Morreu o tio Silvano,
De morte súbita,
Assim de repente,
Em plena força da idade.
Lembro-me dos gritos lancinantes
Da Maria Luísa
E do choro abafado do Ricardo,
E dos cabelos desgrenhados da tia Ema.
O último adeus, o cemitério.
Eu não sabia o que era morte.
Só a do porco.
E Deus era pai,
Infinitamente misericordioso.
E o Padre Escudeiro
(que sucedeu ao Tobias
O que te baptisou, meu rapaz!)
Tinha uma explicação para tudo,
Para o bem e para o mal,
Para a vida e para a morte,
Para a riqueza e a pobreza,
Para o feio e para o belo.
Mas eu nunca mais fui capaz
De ir brincar à noite,
Na minha rua,
Na rua do cemitério,
Junto à Igreja do Castelo.
Deixou de haver domingo à tarde.
Bordaram-me o enxoval,
Aos serões,
As meninas-catequistas da rua do clube,
Que eram costureiras,
Como todas as meninas do coro da igreja matriz.

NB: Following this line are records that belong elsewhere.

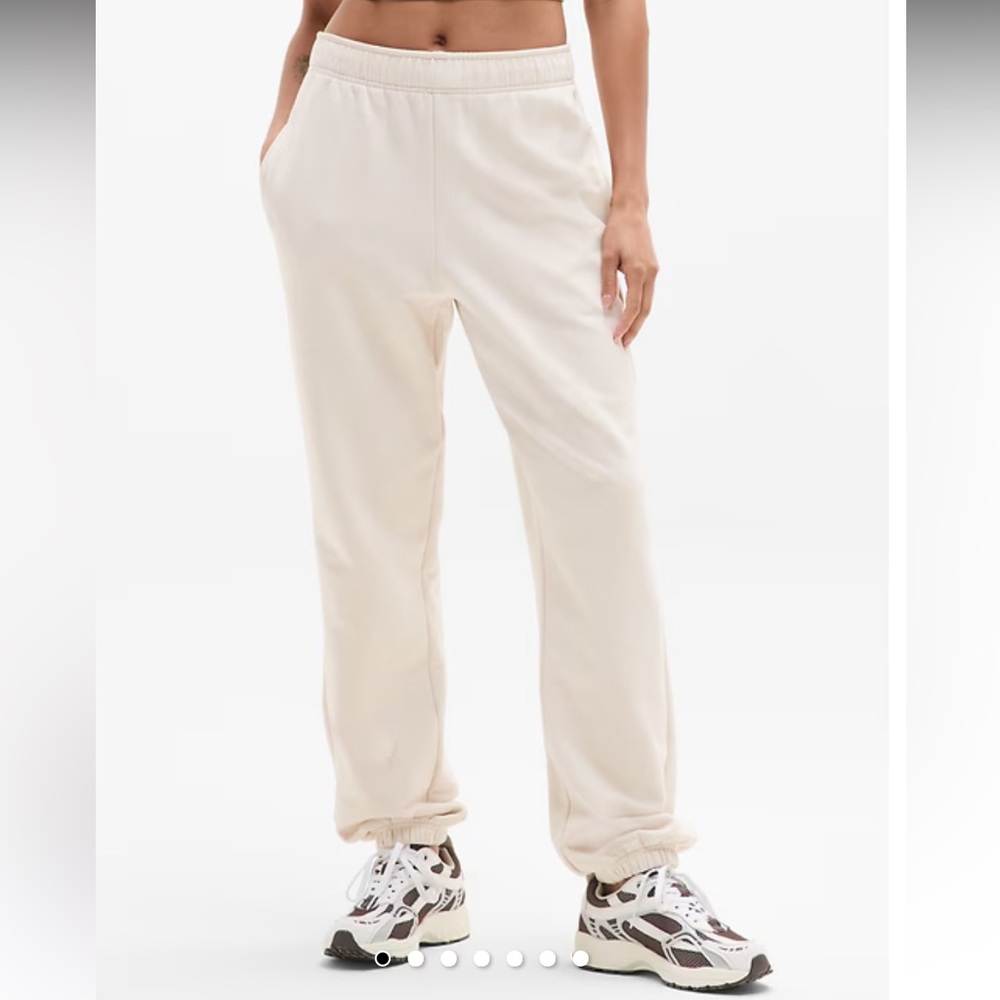 Athleta Forever Fleece Cream Joggers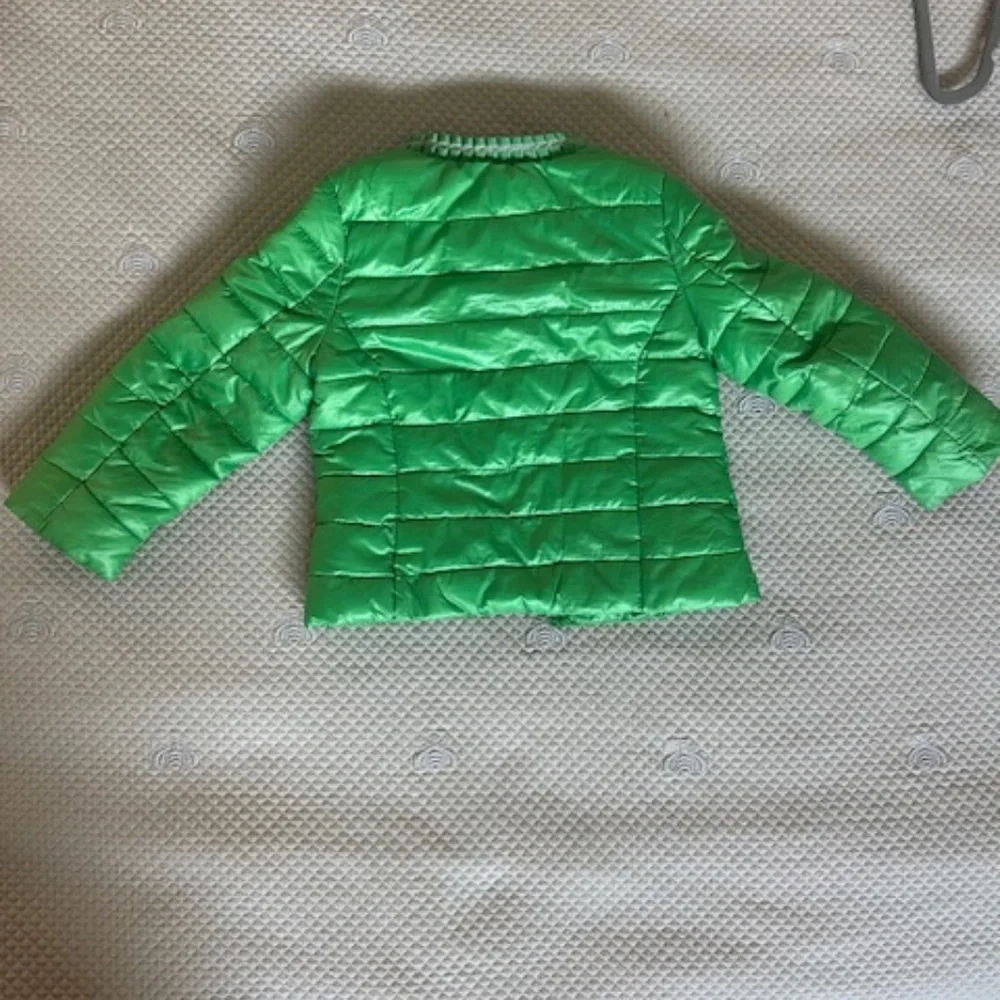 United Colors of Benetton Girls Kelly Green Padded Puffer Jacket Size 2Y 90cm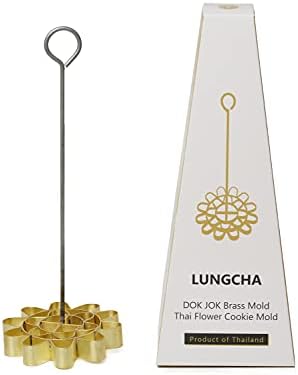 Lungcha DOK JOK Brass Cookie Cutter Set for Thai Flower Biscuits
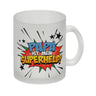 Kaffeetasse mit knalligem Comic Motiv und Spruch - Papa ist mein Superheld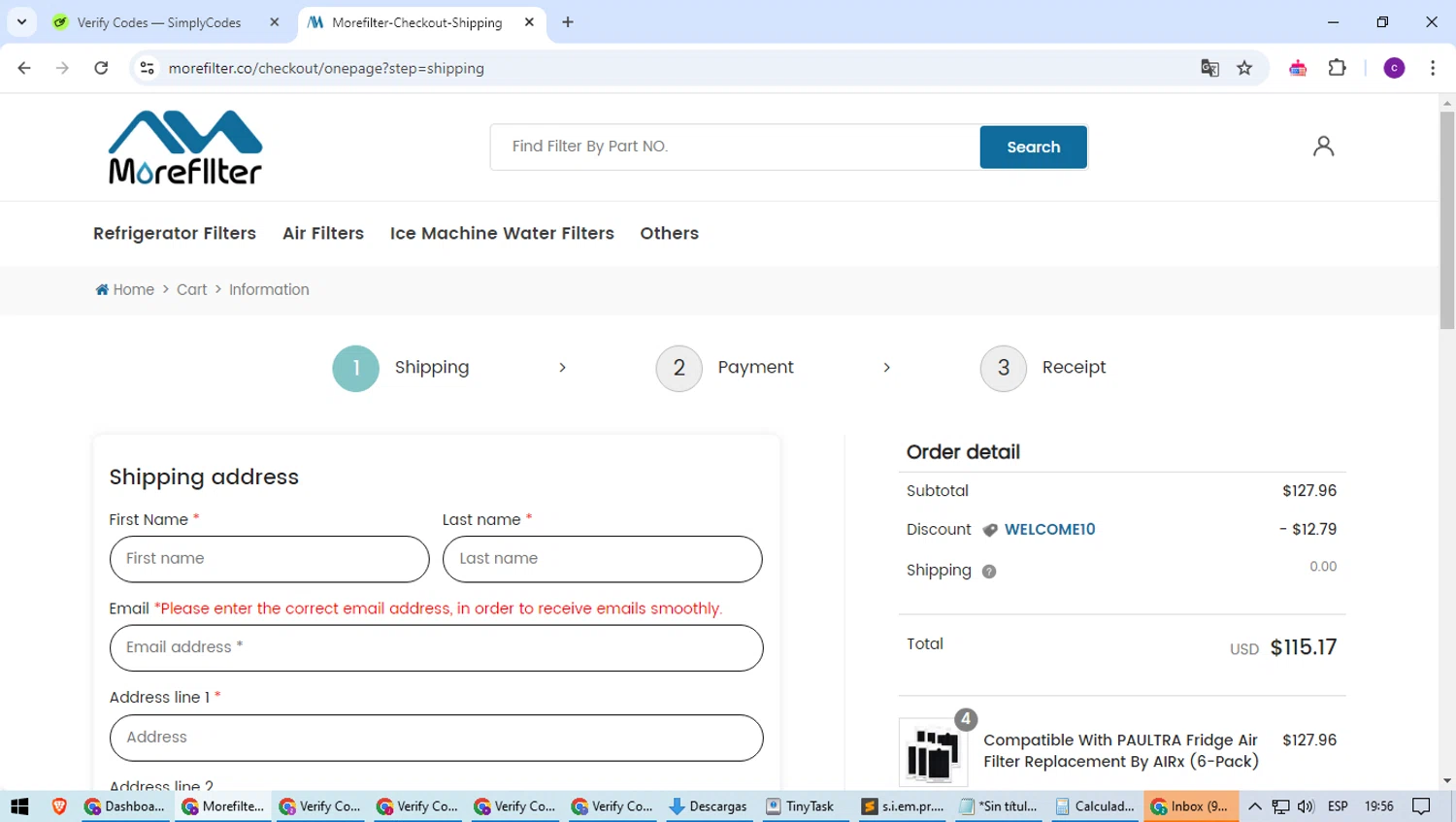 MoreFilter checkout page showing MoreFilter discount code box | Screenshot taken by SimplyCodes community member on Oct 25, 2024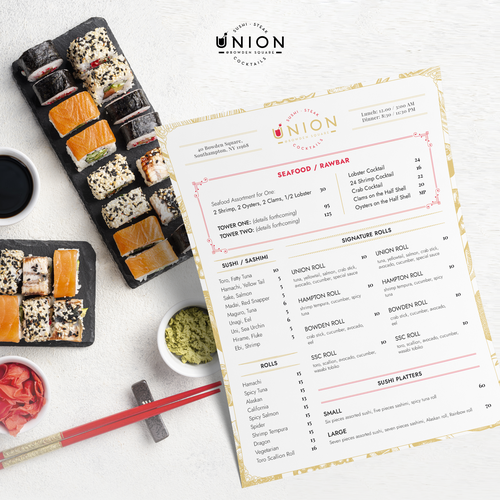 Sushi design with the title 'Union Steak & Sushi Dinner Menu'
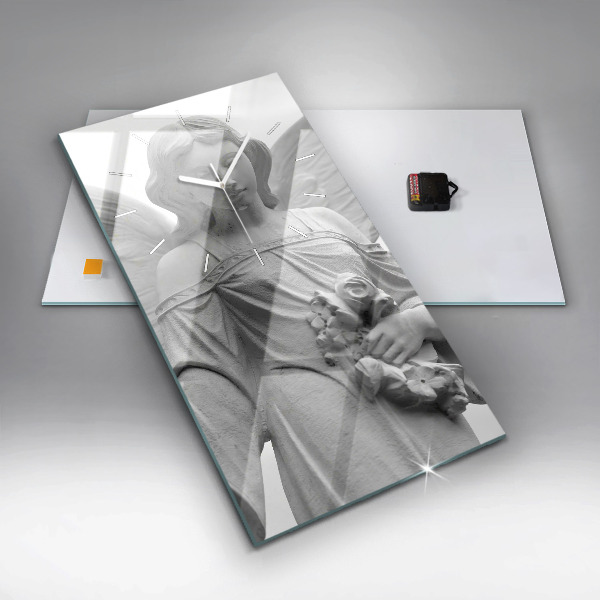 Modern vertical wall clock Old Angel Sculpture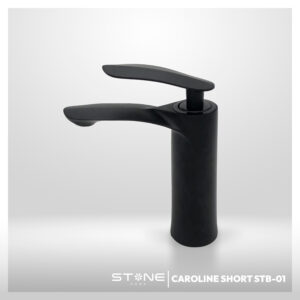 MEZCLADORA MONOCOMANDO P/LAVATORIO  CAROLINE SHORT STB-01  BLACK  STONE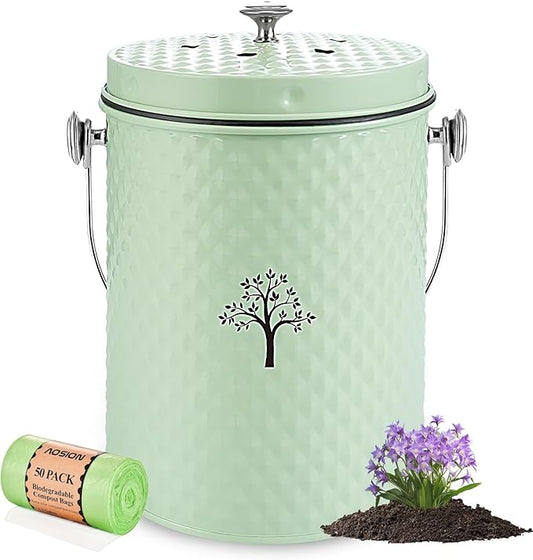 AOSION Countertop Compost Bin Kitchen，Odorless Indoor Compost Bin with Lid and Compost Bags,Compost Bucket Composter Container for Food Waste,Green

E meteram-me na camioneta dos Capristanos
Com destino ao seminário menor de Santarém.
Eu e o meu baú,
Desamparado,
Terrivelmente sozinho
Ante os dilemas da fé,
Da vocação,
Do destino,
Da vida,
Da carne,
Do pecado,
Da morte,
Da ressurreição eterna,
Dos jesuíticos corredores
E das medievas muralhas da cidade.
Lá atrás, a oeste, ficava o mar,
O rugido do mar,
O cheiro a algas, a maresia,
O piar da coruja
Na torre da Igreja do Castelo,
Os fogos fátuos no cemitério.
Os terrores do inferno,
Os ciganos acampados no Rossio,
As águas límpidas Rio Grande,
O Montejunto ao longe,
A Atalaia e o Montoito,
E o moinho do Tio Xico Marteleira
E os ventos que sopravam nas cabaças,
E a amante do moleiro
Que vigiava os putos
Que lhe iam roubar as peras e as ameixas.
E a malta da tua escola.
E a prima Santa Teresinha
Que brincava com as hóstias e as pilinhas,
Nas missinhas
Que fazia no sótão do Tio Fofa.
A magia, enfim,
Das coisas quando se tem dez anos.

Levei o Brueghel comigo.
Creio que o perdi para sempre
Quando me senti estrangeiro como o Camus,
Na minha própria terra.
Enterrei-o definitivamente
Nas bolanhas da Guiné,
Entre os mais pobres dos pobres,
Os meus camponeses fulas pretos da Guiné.